Publication year - 1999
Publication title -
conservation biology
Language(s) - English
Resource type - Journals
SCImago Journal Rank - 2.2
H-Index - 222
eISSN - 1523-1739
pISSN - 0888-8892
DOI - 10.1046/j.1523-1739.1999.98019.x
Subject(s) - probabilistic logic , statistical model , null model , statistics , environmental niche modelling , spatial analysis , autocorrelation , vegetation (pathology) , contrast (vision) , data set , ecology , mathematics , computer science , habitat , biology , artificial intelligence , medicine , pathology , ecological niche
Conservation biologists need to be able to predict species distributions based on easily collected data available at regional scales. We quantified the effectiveness of different types of data for predicting bird distributions for the state of Idaho.
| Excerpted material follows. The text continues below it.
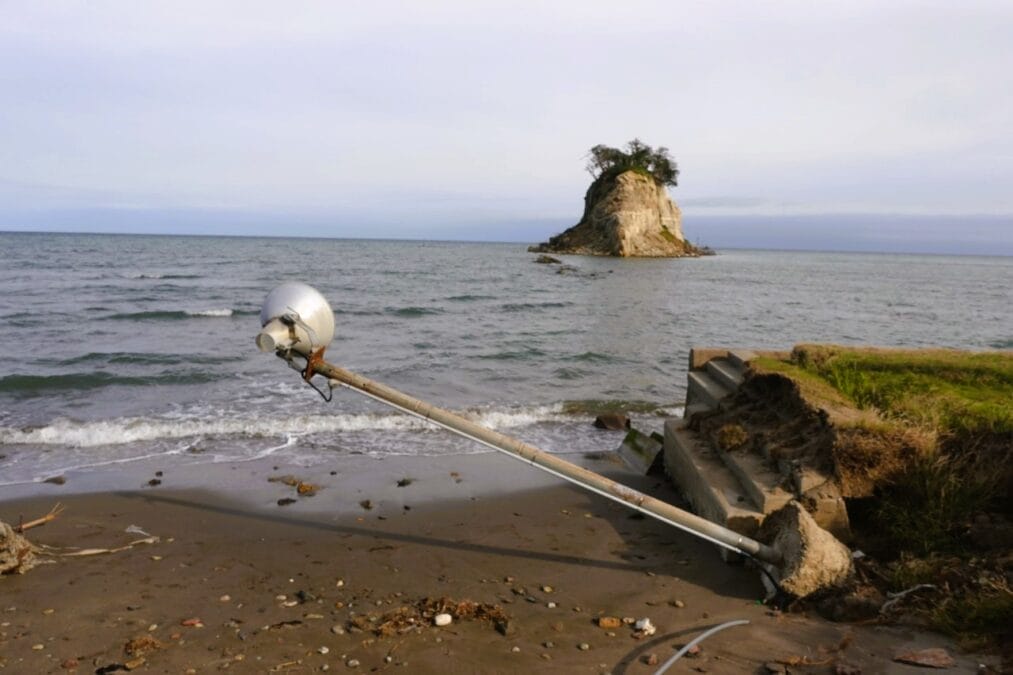 見附島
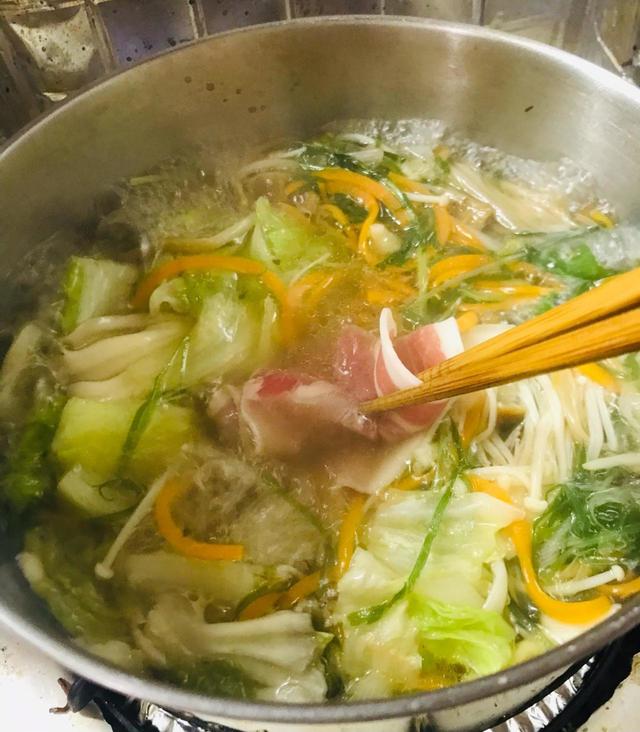 【しゃぶしゃぶ温野菜 三元豚セット】たっぷりの野菜と三元豚を一緒に食べれば贅沢な食事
We developed probabilistic models to evaluate the ability of vegetation, climate, and spatial autocorrelation data to predict the presence or absence of 40 bird species. We determined the probability of correctly predicting presence and absence for each species using a training‐testing sample methodology. This method involves splitting the data set into two portions: one portion was used to “fit” the models using maximum likelihood, and the second portion was then predicted from the fitted models. The predicted probability of species presence from the second portion of the data was compared to actual presence‐absence values to assess model performance. Overall, differences in average performance among the parameterized models were small. Vegetation, climate, and spatial models each predicted approximately 60% of the presences correctly. Models employing a combination of these factors consistently improved model performance, but only slightly (an approximate 4% improvement). In contrast, the null model correctly predicted just 35% of the presences. Our results suggest that (1) parameterized models are a substantial improvement over a null model but still make frequent mistakes in predicting the presence or absence of species, and (2) data availability may be the most important factor in determining which variables to use to predict species presence‐absence. In some cases, available and relatively inexpensive climate data or incomplete distributional information may be the preferred data option.